__WHAT THE TASK REQUIRES__
Could every line below be transcribed exactly, with the pictures dropped?

__EXERCISE DATA__
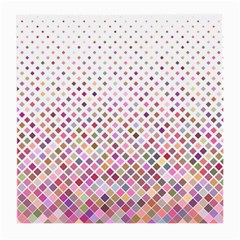 Pattern Square Background Diagonal Medium Glasses Cloth by Nexatart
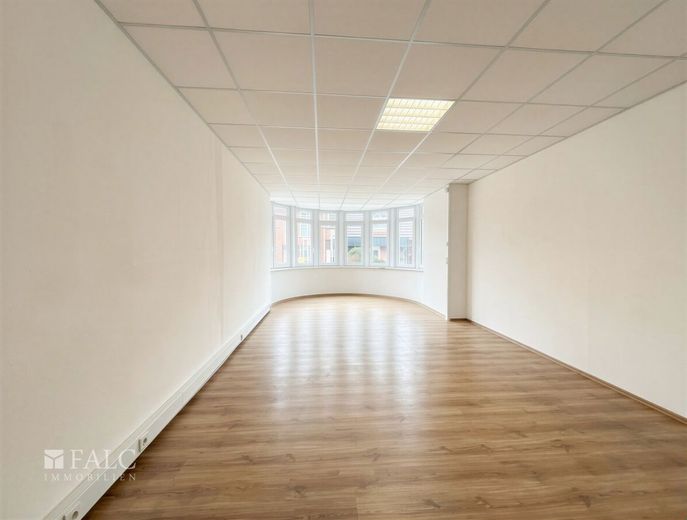 Exklusives Wohnen auf einer Ebene - 6 Zimmer, ca. 220 m², Balkon &amp; TG-Stellplatz möglich – Wohnzimmer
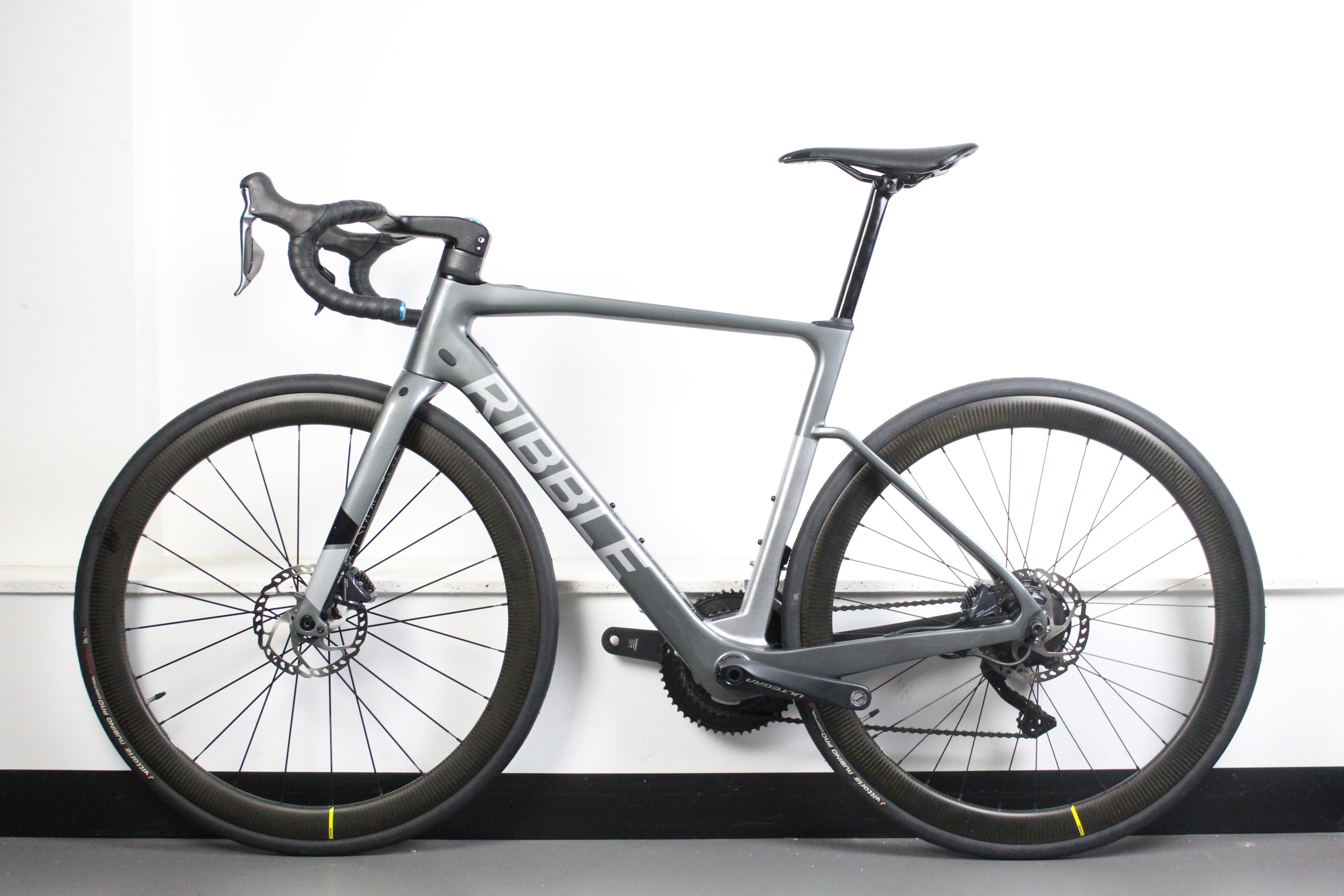 2022 Ribble SLe Carbon E-Road Bike Di2 Mavic Grey (Size Medium) - Mint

__OUTPUT OF THE EXERCISE__
 Pattern Square Background Diagonal Medium Glasses Cloth by Nexatart
 Exklusives Wohnen auf einer Ebene - 6 Zimmer, ca. 220 m², Balkon &amp; TG-Stellplatz möglich – Wohnzimmer
 2022 Ribble SLe Carbon E-Road Bike Di2 Mavic Grey (Size Medium) - Mint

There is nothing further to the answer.